■ **Exercise objective**:
Give back an exact copy of the entries beneath, minus the pictures.

━━━━━ Data supplied ━━━━━

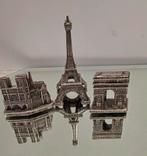 3x verzilverd Parijs: Notre-Dame+Eifeltoren +Arc de Triomphe, Ophalen of Verzenden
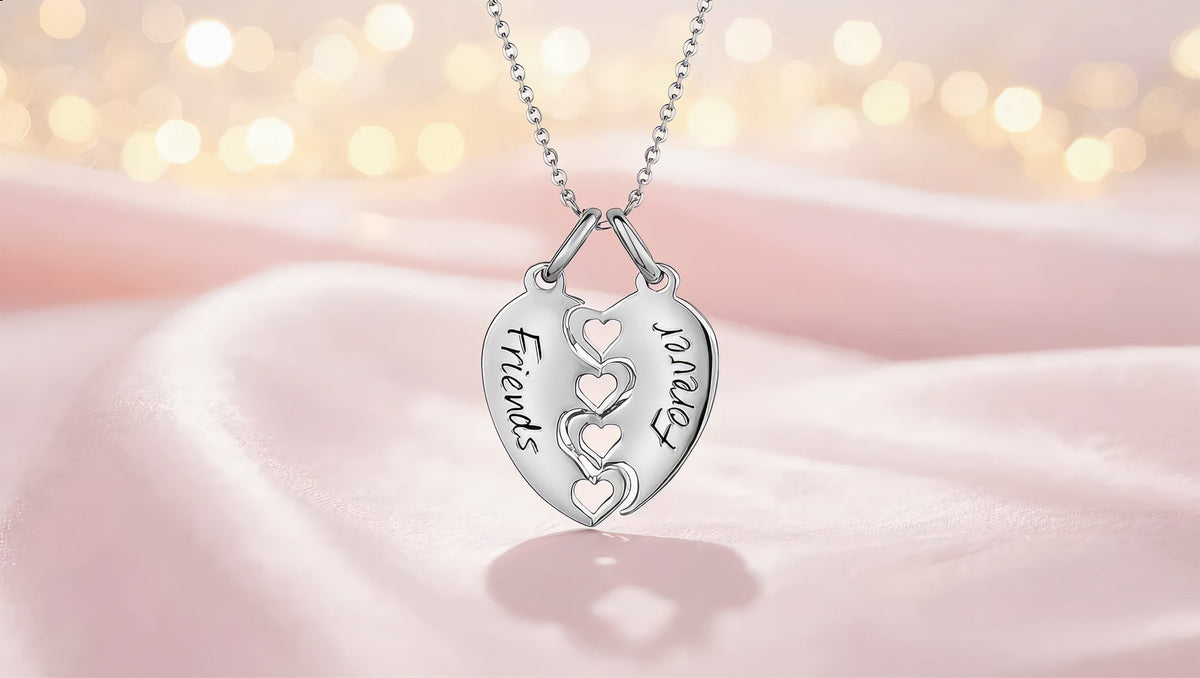 GL Creations- Sterling Silver Friends Forever Pendant Necklace - Charming Charlie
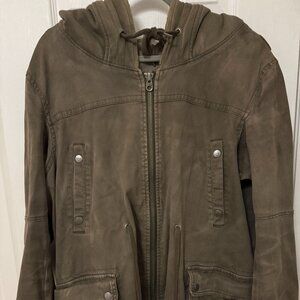 Free People Distressed Cargo Jacket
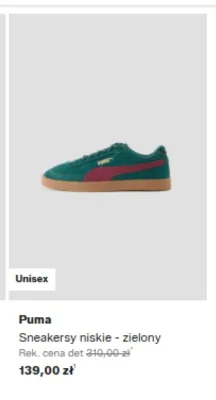 Sneakersy niskie Puma zielony promocja w Lounge by Zalando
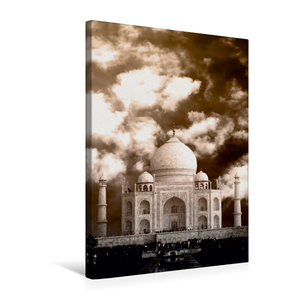Premium Textil-Leinwand 50 cm x 75 cm hoch Taj Mahal Monument der Liebe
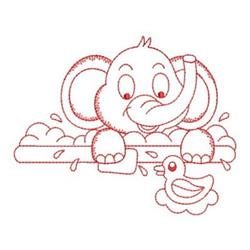 duck redwork machine embroidery - Redwork Elephant & Duck perfect for Nursery Decor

━━━━━

■ **Reply**:
 3x verzilverd Parijs: Notre-Dame+Eifeltoren +Arc de Triomphe, Ophalen of Verzenden
 GL Creations- Sterling Silver Friends Forever Pendant Necklace - Charming Charlie
 Free People Distressed Cargo Jacket
 Sneakersy niskie Puma zielony promocja w Lounge by Zalando
Premium Textil-Leinwand 50 cm x 75 cm hoch Taj Mahal Monument der Liebe
 duck redwork machine embroidery - Redwork Elephant & Duck perfect for Nursery Decor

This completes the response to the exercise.